WORK TO BE COMPLETED
Could you write out the listing below exactly as it stands, leaving out the pictures?

GIVEN MATERIAL
━━━━━━━━

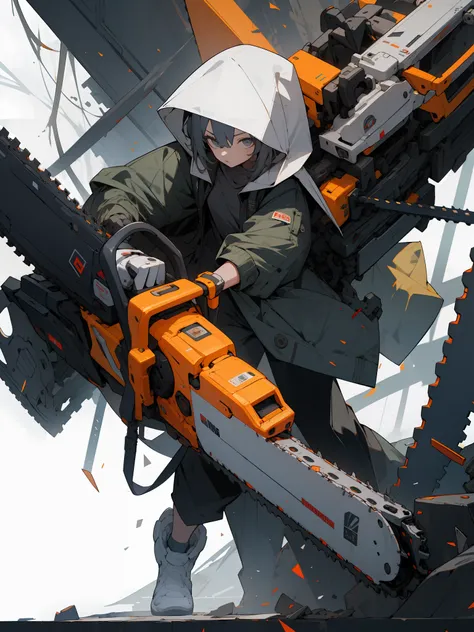 absurdres, highres, ultra detailed,
1girl,oversized hooded jacket,full body,
holding mechanical chainsaw,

━━━━━━━━

ANSWER AREA
 absurdres, highres, ultra detailed,
1girl,oversized hooded jacket,full body,
holding mechanical chainsaw,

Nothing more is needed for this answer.